J Pharmacokinet Pharmacodyn. 2010 Dec;37(6):575-90. doi: 10.1007/s10928-010-9176-y. Epub 2010 Nov 10.
This review illustrates the concept of a rate-determining process in the overall hepatic elimination of anionic drugs that involves transporters in the uptake process. A kinetic study in rats has demonstrated that uptake is the rate-determining process for most anionic drugs, and this is likely to hold true for the hepatic elimination of statins in humans. To simulate the effects of variations in the transporter activities on systemic and liver exposure, a physiologically based pharmacokinetic model was constructed for pravastatin, the overall elimination of which involves OATP1B1 and MRP2 in the hepatic uptake and canalicular efflux, respectively. The plasma concentrations of pravastatin in humans were successfully reproduced using the kinetic parameters extrapolated from in vitro data obtained using human hepatocytes and canalicular membrane vesicles and the scaling factors determined in rats. Sensitivity analyses showed that a variation in hepatic uptake altered the plasma concentration of pravastatin markedly, but had a small effect on the liver concentration, and vice versa for the canalicular efflux. Therefore, variation in the OATP1B1 activities will have small and large impacts on the therapeutic efficacy and adverse effect (myopathy) of pravastatin, respectively, whereas that affecting the MRP2 activities may have an opposite effect (i.e., large and small impacts on the therapeutic efficacy and side effect).

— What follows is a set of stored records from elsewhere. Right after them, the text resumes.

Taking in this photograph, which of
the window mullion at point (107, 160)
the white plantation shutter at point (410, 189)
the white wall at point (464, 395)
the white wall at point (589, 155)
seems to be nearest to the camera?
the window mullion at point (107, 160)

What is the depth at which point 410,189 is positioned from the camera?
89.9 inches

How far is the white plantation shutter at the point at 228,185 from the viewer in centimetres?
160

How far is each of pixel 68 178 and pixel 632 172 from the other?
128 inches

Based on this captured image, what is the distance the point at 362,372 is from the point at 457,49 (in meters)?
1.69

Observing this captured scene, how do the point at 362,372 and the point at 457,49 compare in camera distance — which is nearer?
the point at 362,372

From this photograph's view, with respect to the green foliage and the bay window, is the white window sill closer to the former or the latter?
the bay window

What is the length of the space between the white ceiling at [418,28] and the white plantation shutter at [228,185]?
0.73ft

This pharmacokinetic characteristics likely hold true for other anionic statins, i.e., variation of OATP1B1 is associated with the risk of adverse reactions, whereas that of sequestration mechanisms causes the variation of their pharmacological effect.

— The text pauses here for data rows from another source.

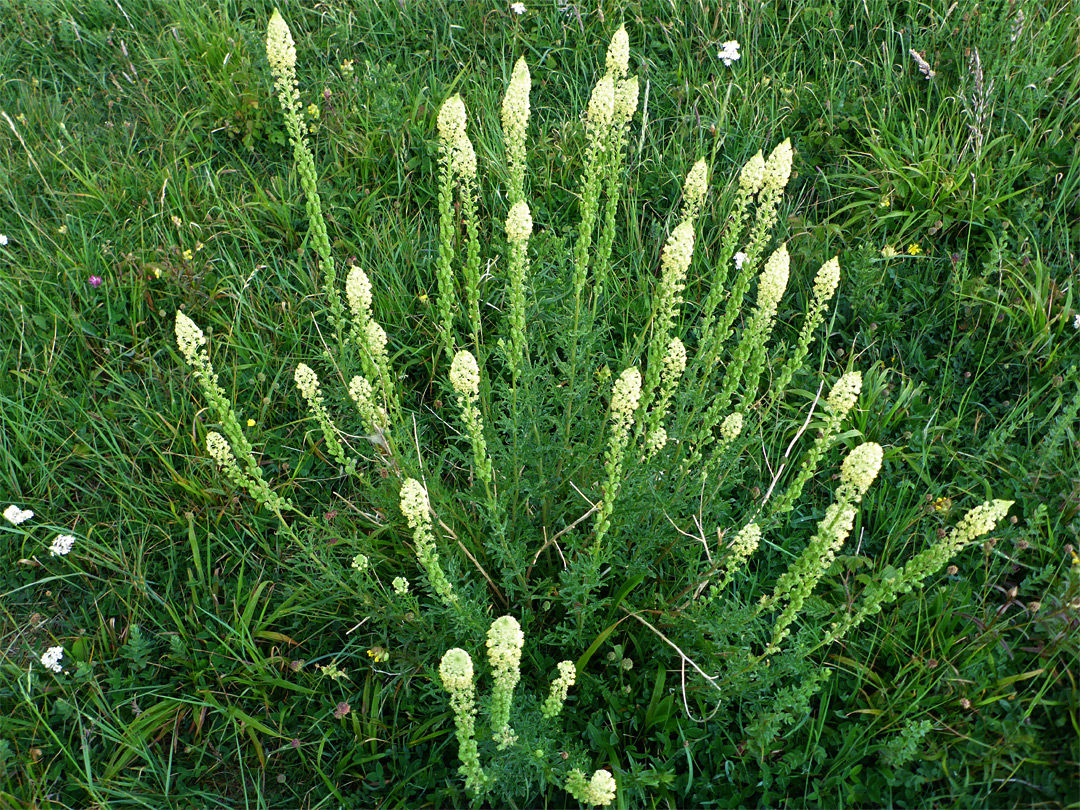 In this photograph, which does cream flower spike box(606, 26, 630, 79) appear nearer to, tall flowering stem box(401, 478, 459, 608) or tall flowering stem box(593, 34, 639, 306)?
tall flowering stem box(593, 34, 639, 306)

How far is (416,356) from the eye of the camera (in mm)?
4055

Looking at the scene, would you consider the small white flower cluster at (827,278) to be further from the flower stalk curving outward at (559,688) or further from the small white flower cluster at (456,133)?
the flower stalk curving outward at (559,688)

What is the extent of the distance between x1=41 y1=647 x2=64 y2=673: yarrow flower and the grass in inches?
2.7

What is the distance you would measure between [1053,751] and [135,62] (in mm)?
6568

本文综述了阴离子药物在肝脏整体消除过程中涉及摄取过程中转运体的限速步骤概念。一项在大鼠中的动力学研究表明,摄取是大多数阴离子药物的限速步骤,这对于人类他汀类药物的肝脏消除也可能是正确的。为了模拟转运体活性变化对全身和肝脏暴露的影响,构建了普伐他汀的基于生理学的药代动力学模型,其整体消除分别涉及肝脏摄取中的 OATP1B1 和 MRP2 以及胆汁排泄。使用从人肝细胞和胆管膜囊泡获得的体外数据外推的动力学参数以及在大鼠中确定的标化因子,成功地再现了普伐他汀在人体内的血浆浓度。敏感性分析表明,肝脏摄取的变化显著改变了普伐他汀的血浆浓度,但对肝脏浓度的影响较小,而胆汁排泄则相反。因此,OATP1B1 活性的变化将分别对普伐他汀的治疗效果和不良反应(肌病)产生小的和大的影响,而影响 MRP2 活性的变化可能产生相反的影响(即,治疗效果和副作用的大的和小的影响)。这种药代动力学特征可能适用于其他阴离子他汀类药物,即 OATP1B1 的变化与不良反应的风险相关,而摄取机制的变化导致其药理作用的变化。